The bill doesn’t address food, however. It’s probably just as dangerous to talk on your cell phone or eat a Big Mac while driving your car, and it doesn’t do your health any good, either.

– Here’s a biggie: drivers with probationary licenses would not be allowed to drive between the hours of 10 p.m. and 5 a.m., Sunday through Thursday; and midnight to 5 a.m. on Fridays and Saturdays.

Parents, there won’t be any need to set a curfew for your teenager anymore, the state has done that for you.

The bill does make an exception for teens who are driving to or from work, a school event; or a church event. They are also allowed to be out past the curfew if they have an adult who is at least 25 years old in the car with them.

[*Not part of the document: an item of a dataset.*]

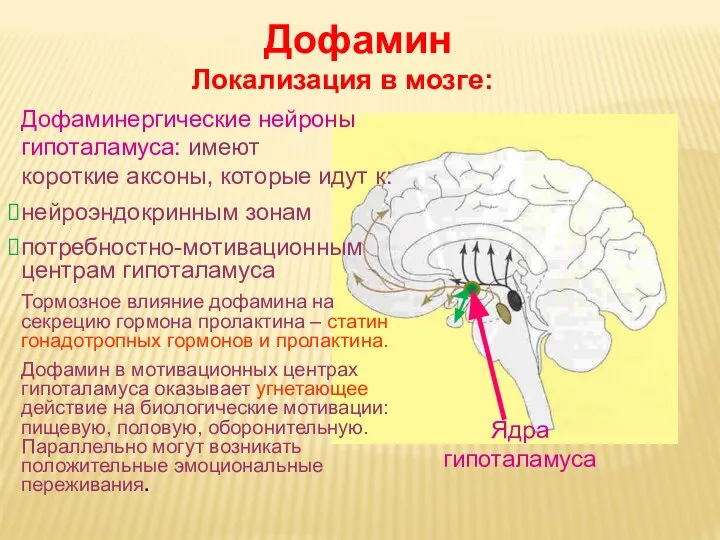 Дневное отделение фармацевтического факультета Ядра гипоталамуса Дофамин Локализация в мозге: Дофаминергические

– Similar to the law now, a new driver would not be able to have any passengers in the car with them other than adults and siblings for the first 90 days that they have their license.

Although that seems the same, remember that a new driver would be five months older at the time they get their license.

– One interesting provision in the bill is that any teen wanting a driver’s license would have to have at least 50 hours of driving practice, and at least 10 hours of that has to be at night, before they can get their license.

The bill passed by a slim 5-4 vote on Tuesday, and our state senator Jim Lewis was one of the committee members who voted for the bill. Remember: it only becomes law if the entire Senate passes it and the House follows suit.

Now before teenagers start picketing and protesting, the bill does come at a time when more and more schools are getting out of the driver’s education business. Here at Switzerland County, driver’s education is contracted through a private company, so it’s no longer a school class, but the sign up for the program is still done through the high school, and high school classrooms are used.

Even with privatization of driver’s education, what the bill really needs to target is the amount of time that a student driver is behind the wheel before they “pass” driver’s education.

Currently a student must drive for six hours, but that is woefully inadequate when you consider that the child is spending time with a trained instructor. What the law needs to mandate is that a student taking an approved driver’s education course must drive more time before completing the course.

Overall, the bill seems nearly impossible to enforce if it ever did become law. Are we really willing to have our law enforcement officers patrolling for 17 year old drivers after 10 p.m. on a Thursday night?

Isn’t there something more important for them to do?

One of the senators voting against the measure, Senator Mike Delph of Carmel, told The Indianapolis Star that the bill was: “…another example of government trying to overstep its boundaries and take up the role of parents.”

As the father of three daughters, I have been particularly interested in the level of driving training that a teenager gets here in Switzerland County before being turned out on the streets with a car and a license.

I remember the test administrator at the license branch telling my oldest daughter that he took his job very seriously, because when he signed her license, that meant that she could drive to California if she wanted to.

I appreciated that, because it is a big responsibility.

As the editor of this newspaper, I also see numerous traffic accident reports because kids had problems getting out of the high school parking lot; someone tried to turn into a gas station without using their signal and got rear ended; or someone slid off of the roadway at night because they were going too fast for the conditions.

Accidents can happen to anyone, but it seems that an abnormal proportion of accidents here happen to teens who haven’t had their licenses very long.

Is legislation the answer? I don’t believe so, because it would be nearly impossible to enforce. What needs to happen is for adults to have meaningful talks with their kids about how dangerous it is to eat, call, text message, change the CD, or anything else that takes your eyes off of the road while your driving.

And then, as adults, we need to practice what we preach.